I understand that by rejecting the Offer, my Warrants will not be exercised pursuant to the terms of the Offer and I will not receive any new common stock. I waive any right to receive any notice of the acceptance of this Notice of Withdrawal.
All capitalized terms used but not defined herein shall have the meanings ascribed to the Offer.
Date: _____________, ___
| |
| (Signature of Warrant Holder) |
| |
| |
| (Name of Signatory) |
| |
| |
| (Title, if Warrant Holder is not a natural person) |
All questions as to the validity, form, eligibility (including time of receipt) and acceptance of any Notice of Withdrawal will be determined by the Company in its discretion, which determination shall be final and binding on all parties. The Company reserves the right to reject any or all Notices of Withdrawal that the Company determines not to be in proper form or the acceptance of which may, in the opinion of the Company’s counsel, be unlawful. The Company also reserves the right to waive any of the conditions of the Offer to Exercise and Exchange and any defect or irregularity in the Notice of Withdrawal, and the Company’s interpretation of the terms of the Offer to Exercise and Exchange (including these instructions) will be final and binding on all parties. No Notice of Withdrawal will be deemed to be properly made until all defects and irregularities have been cured or waived. Unless waived, any defects or irregularities in connection with any Notice of Withdrawal must be cured within such time as the Company shall determine. None of the Company, the Placement Agent, or any other person will be obligated to give notification of defects or irregularities in exercises or incur any liability for failure to give notification.

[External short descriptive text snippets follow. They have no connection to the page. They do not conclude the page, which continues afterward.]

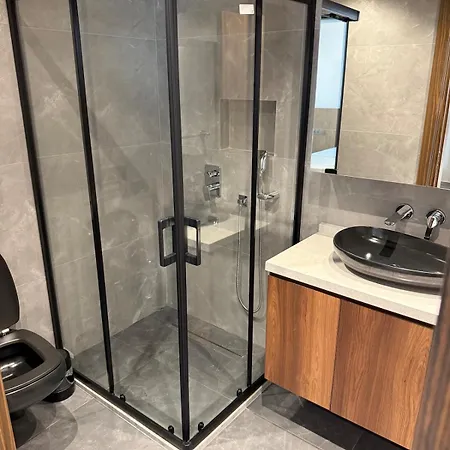 Willa Vip Lueks Odalar Banyo Ve Klimali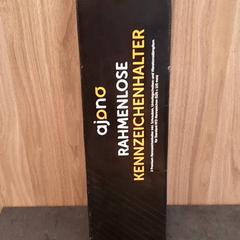 Kentekenhouder, como reportado por Rotterdam The Hague Airport utilizando o iLost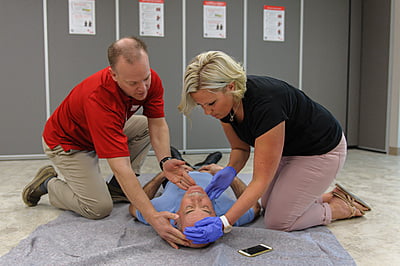 Emergency First Aid & CPR-C/AED (Evening Courses)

IMPORTANT: THIS NOTICE OF WITHDRAWAL MUST BE RECEIVED BY THE COMPANY ON OR PRIOR TO THE TIME AND DATE OF EXPIRATION OF THE OFFER TO EXERCISE AND EXCHANGE AT 5:00 P.M. (EASTERN STANDARD TIME) ON JANUARY 9, 2019, AS MAY BE EXTENDED BY THE COMPANY IN ITS SOLE DISCRETION. HOWEVER, IF WE HAVE NOT ACCEPTED YOUR TENDERED WARRANTS AND OTHER ACCEPTANCE AND EXERCISE DOCUMENTS BY FEBRUARY 7, 2019, WHICH IS THE FORTIETH BUSINESS DAY FROM THE COMMENCEMENT OF THE OFFER TO EXERCISE AND EXCHANGE, YOU MAY CHANGE YOUR MIND AND SUBMIT A NOTICE OF WITHDRAWAL TO US AFTER FEBRUARY 7, 2019.